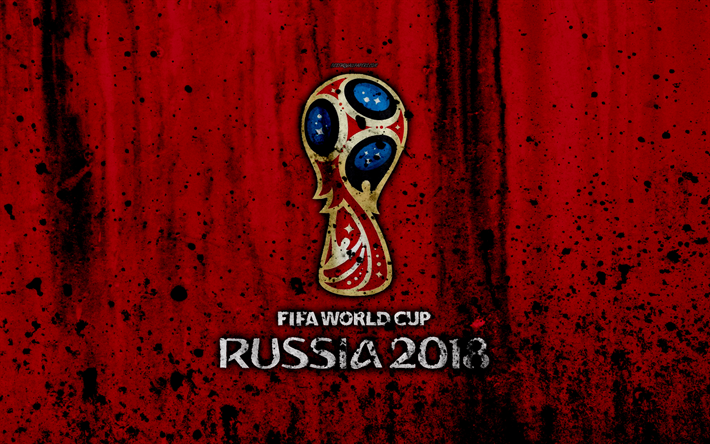 ダウンロード画像 18年のfifaワールドカップ 4k ロシア18年 サッカー Fifa グランジ ワールドカップ18年 ロゴ サッカーワールドカップ フリー のピクチャを無料デスクトップの壁紙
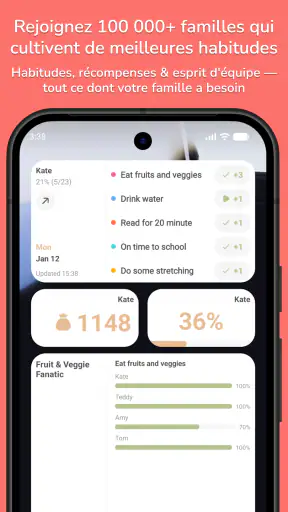 Plan corvées: Family Rewards screenshot 8
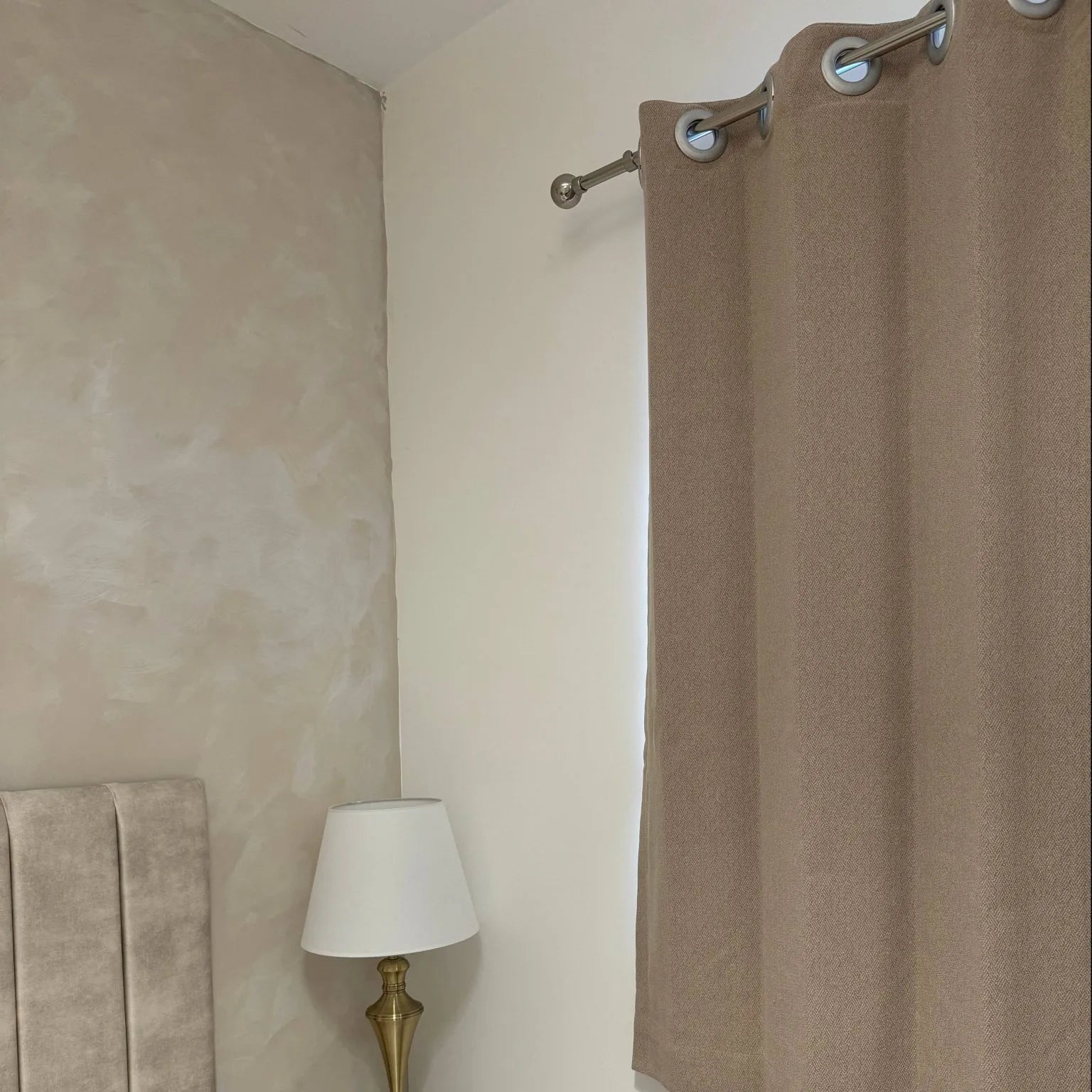 Chaska Unique Polyester Textured Curtains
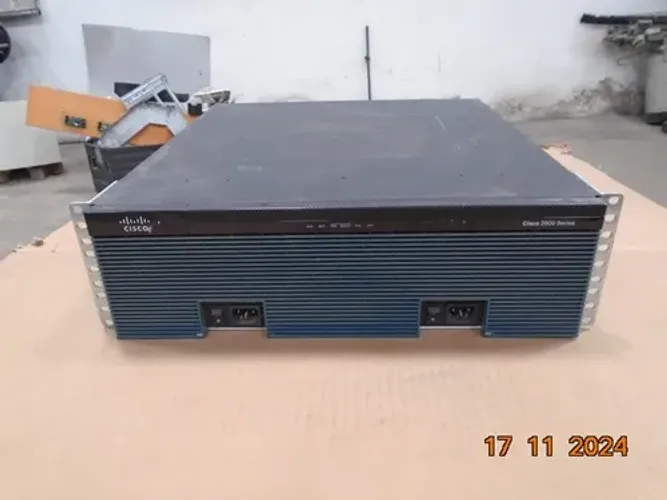 Roteador Cisco 3900 series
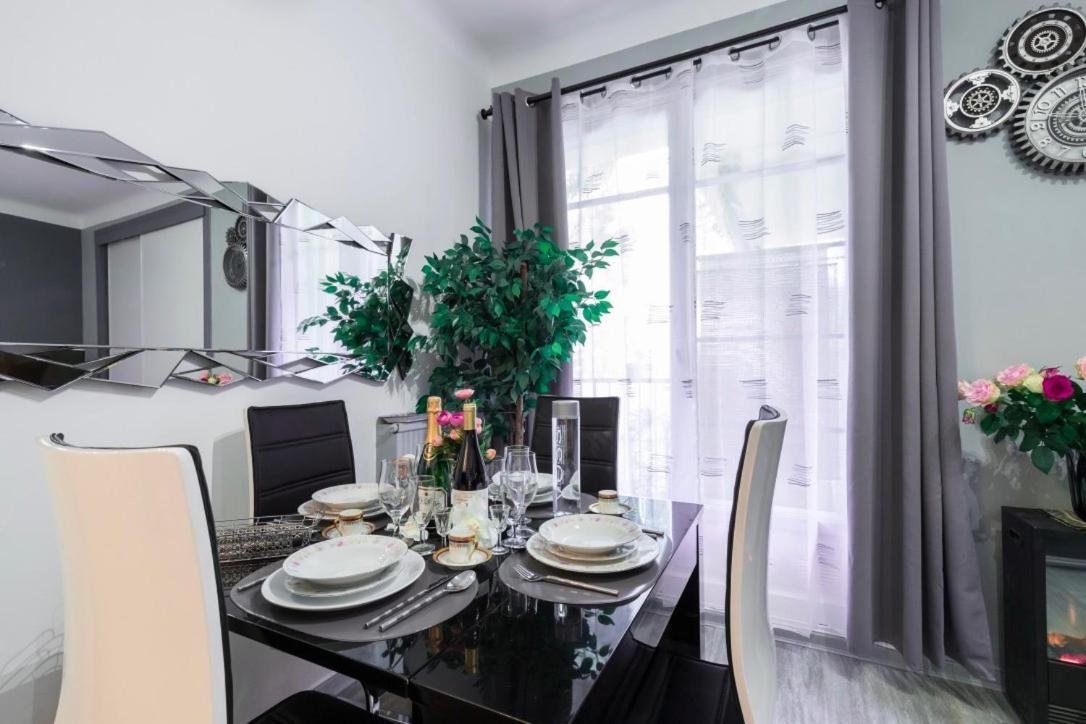 Beau 3 Pieces, 7 Pers, 2 Terrasses, Centre, Calme, Securite Apartamento Nice Exterior foto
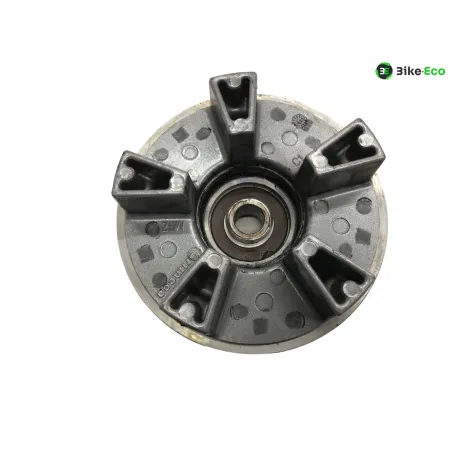 Porte couronne HONDA XL 1000 V 2007-2011 VARADERO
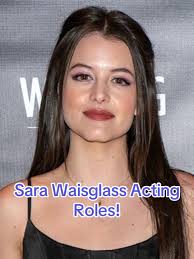Sara Wais Acting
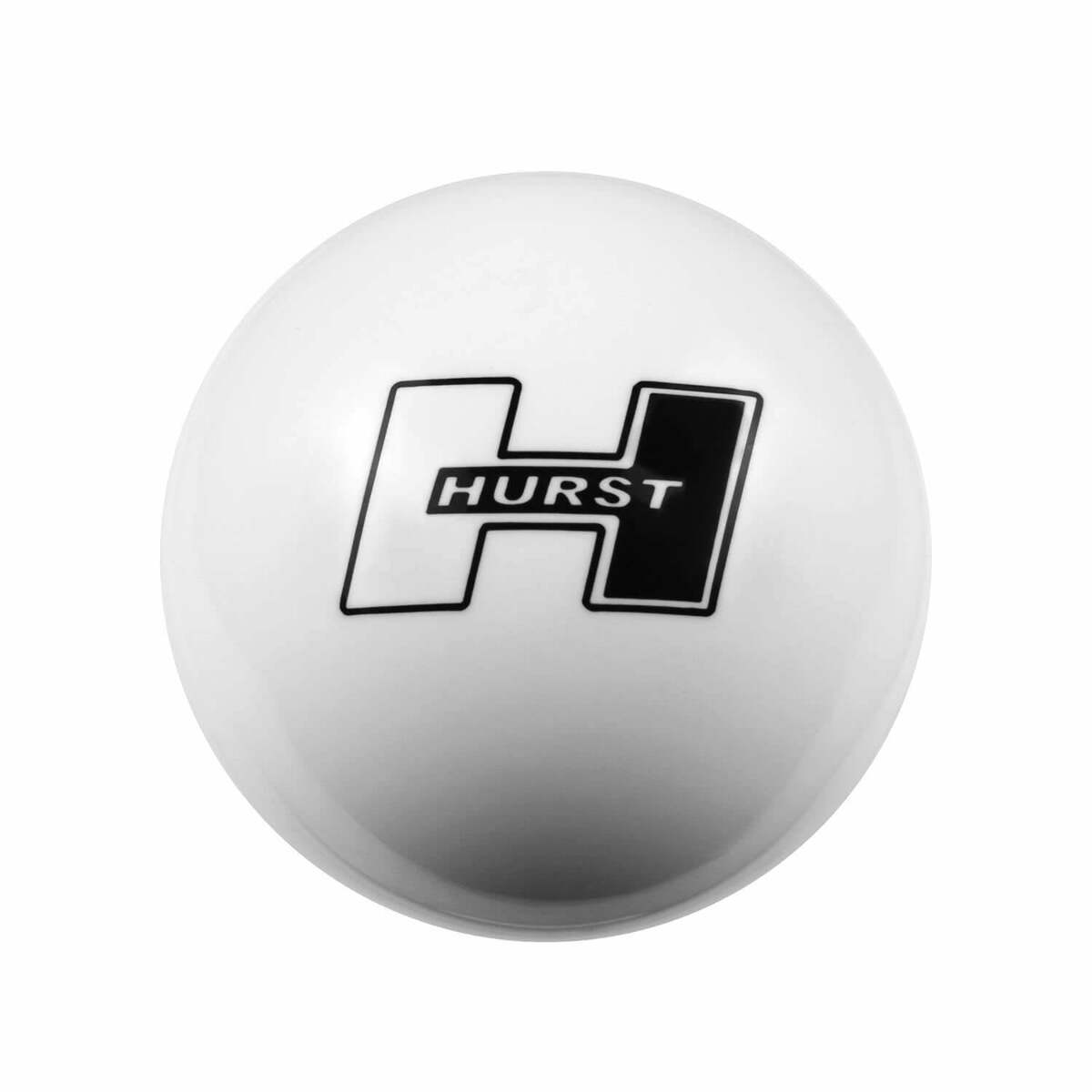 Hurst Logo Shift Knob - Universal - 1631401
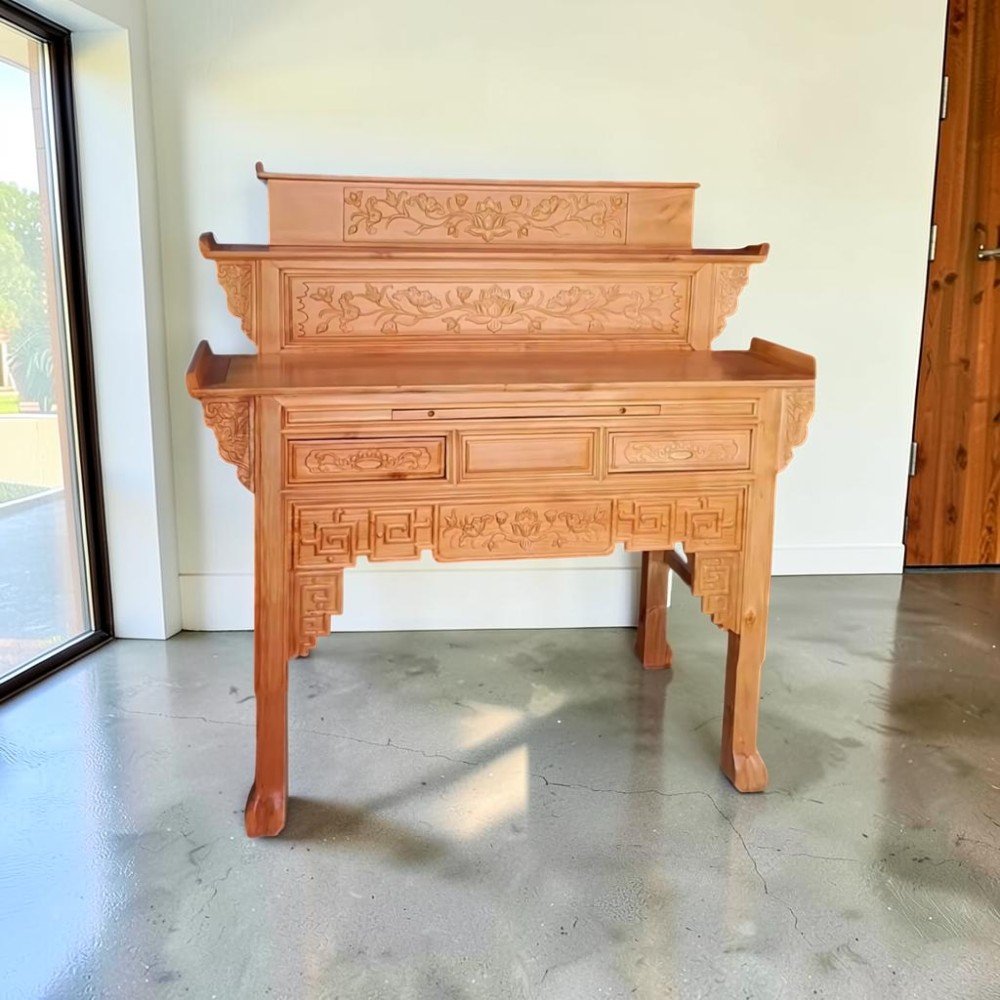 Bàn Thờ 2 Tầng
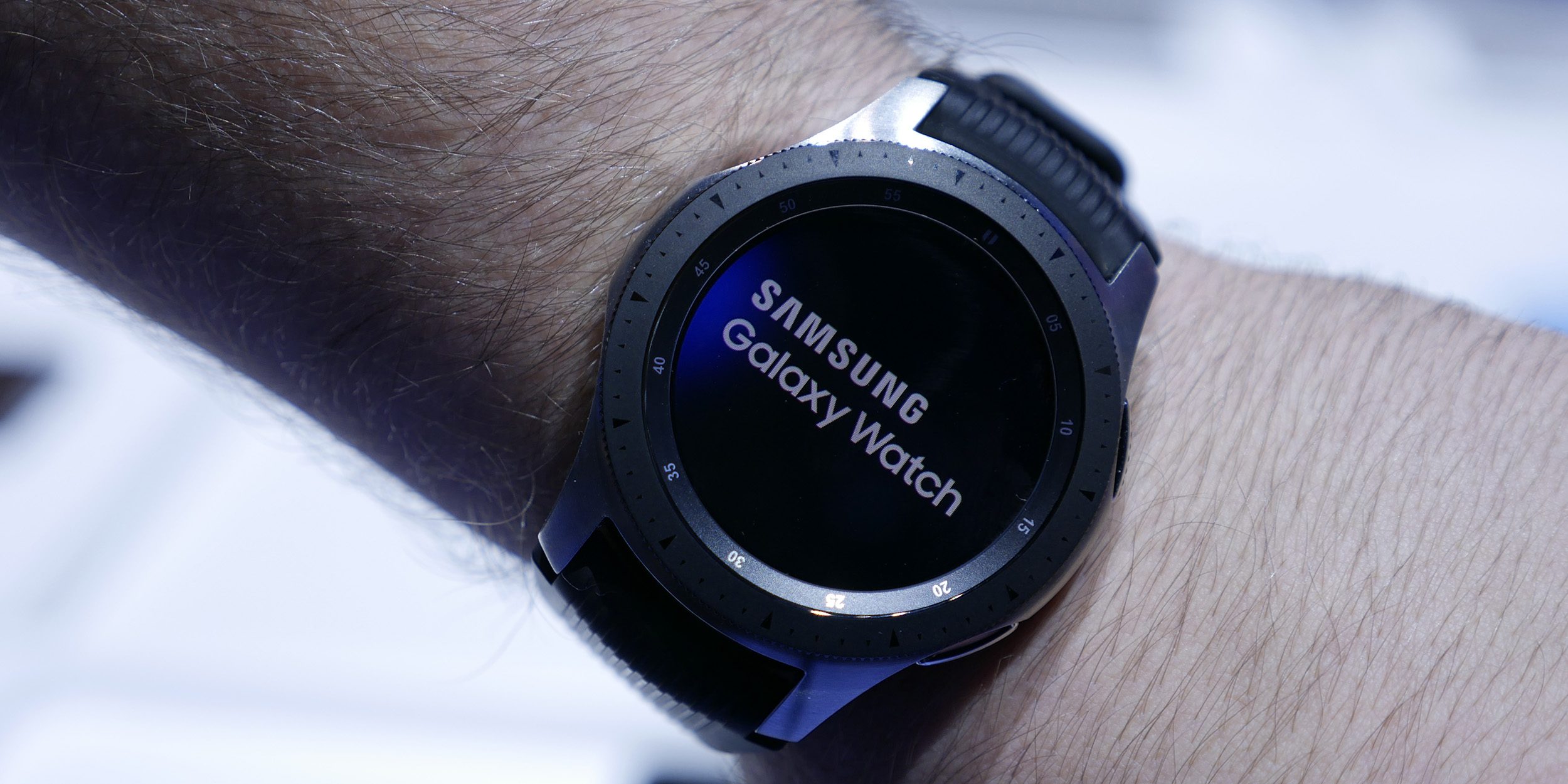 Samsung Galaxy Watch 2 önümüzdeki ay tanıtılabilir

Task objective:
Set the listing down again exactly, skipping each picture.

Your solution:
 ダウンロード画像 18年のfifaワールドカップ 4k ロシア18年 サッカー Fifa グランジ ワールドカップ18年 ロゴ サッカーワールドカップ フリー のピクチャを無料デスクトップの壁紙
 Plan corvées: Family Rewards screenshot 8
 Chaska Unique Polyester Textured Curtains
 Roteador Cisco 3900 series
 Beau 3 Pieces, 7 Pers, 2 Terrasses, Centre, Calme, Securite Apartamento Nice Exterior foto
 Porte couronne HONDA XL 1000 V 2007-2011 VARADERO
Sara Wais Acting
 Hurst Logo Shift Knob - Universal - 1631401
 Bàn Thờ 2 Tầng
 Samsung Galaxy Watch 2 önümüzdeki ay tanıtılabilir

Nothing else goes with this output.